Prior to release, the Choir offered a number of pre-order options, but their most notable was “Package A,” which included a VIP invitation for two to a barbeque and a private acoustic performance by the Choir at Michaels' home outside Nashville, Tennessee on July 24, 2010.

For all those who pre-ordered Burning Like the Midnight Sun, the Choir also included a companion CD that featured running commentary from all five band members for each song on the album. From this point forward, the Choir would provide band commentary (either on CD or digital download) for most of their new releases and reissued albums. In addition, the band provided a DVD of mix stems for listeners to create remixed versions of any song on the album. Several of these fan-made remixes would later be featured on the Choir's official Facebook page.

In 2012, Burning Like the Midnight Sun was briefly offered as a free download via NoiseTrade to publicize the release of The Loudest Sound Ever Heard.

==Critical reception==

Burning Like the Midnight Sun received some of the highest acclaim for any album in the band's catalog, both at the time of release and retrospectively. Jeff Elbel, writing for the Spin Control column in the Chicago Sun-Times, called the album "a late-career triumph," and remarked that Burning Like the Midnight Sun was the Choir’s "second exceptional album in a row, and its best since 1990's landmark Circle Slide." Christianity Today′s Andrew Greer also praised the album, saying that "the Grammy-nominated indie rockers plunge headfirst into lyrical provocations of love, loss and the gospel, issuing smooth musical clarity to contrast the murky exploration of everyday faith." Andy Argyrakis, writing for CCM Magazine, said the Choir upheld its "pioneer status" as "one of alternative music's most meaningful and seminal acts" with "entrancing rhythms, dreamy arrangements, thought-provoking lyrics and overall attention to artistic detail." Derek Walter at The Phantom Tollbooth also highlighted the production, calling Burning Like the Midnight Sun a "sonic delight" and the Choir's "most cohesive, melodic and atmospheric collection to date," adding that the album also contains "vibrantly visual lyrics full of poetry and insight."

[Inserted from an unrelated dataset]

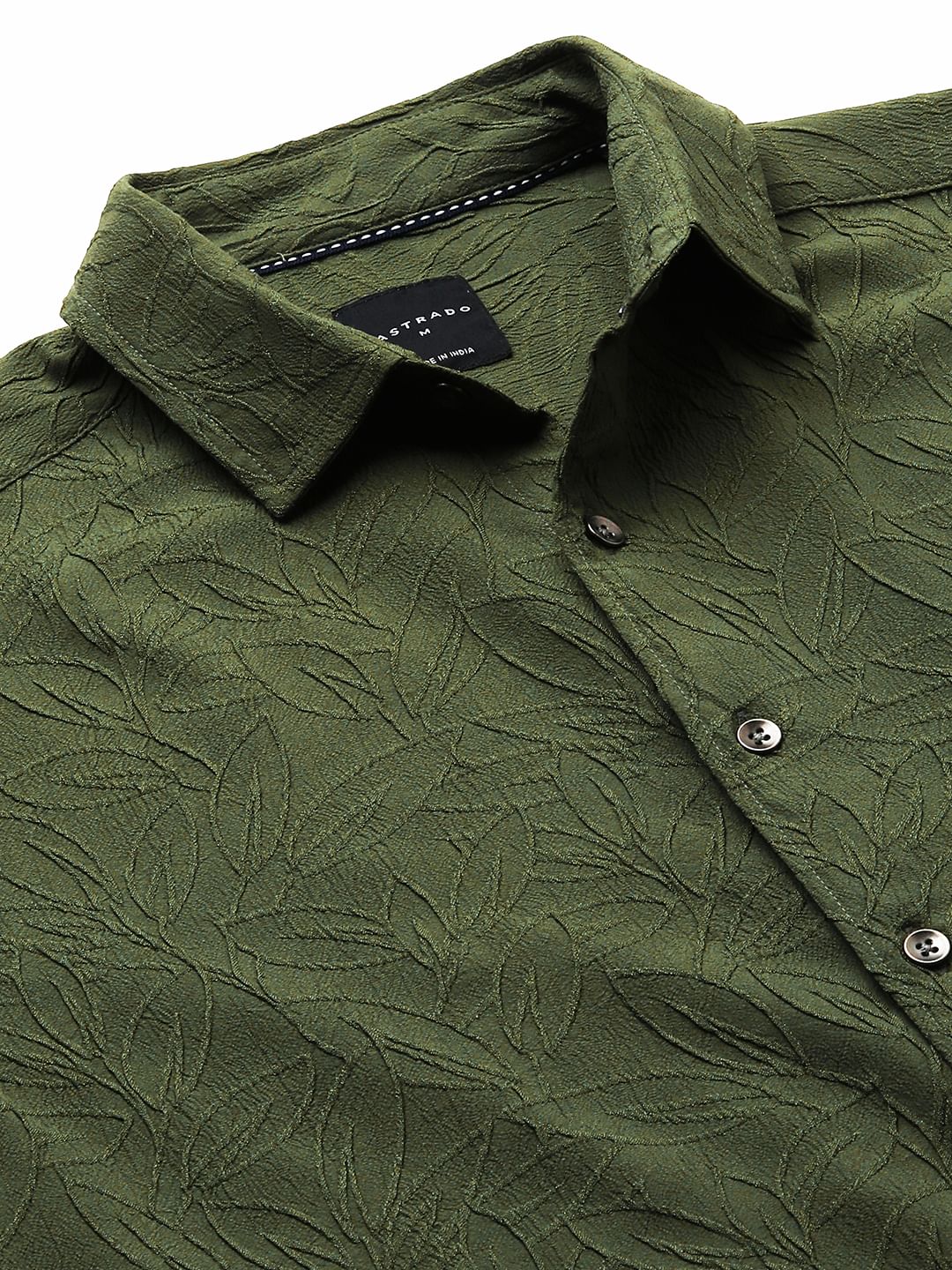 Moss Green Leaf Textured Shirt - Image 3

Matt Connor at HM called Burning Like the Midnight Sun "another solid LP," specifically highlighting Dan Michaels' saxophone contributions as a "real gem," adding that, "not only does the mix strongly support his efforts, but it surprisingly fits into every track—a feat unto itself." Editor Steve Ruff, writing for Down the Line, also called the disc "solid throughout," with "warmth that is full-flavored and dense, with texture and layers." He highlighted both Daugherty's voice, which he described as containing a "gentle fragility," and Hindalong's percussion, with its "unique delivery and perception." In QRO Magazine, writer Lloyd Epperly also praised the album's production, claiming that Midnight Sun mines "similar sonic textures as the Church and Cocteau Twins," and added that "it's as if all the pieces came together this time." Michael Weaver of Jesus Freak Hideout agreed, writing that Burning Like the Midnight Sun is "easily one of the Choir's best albums, if not their best to date," while Cross Rhythms contributor Lins Honeyman simply called the album "[an] exemplary release."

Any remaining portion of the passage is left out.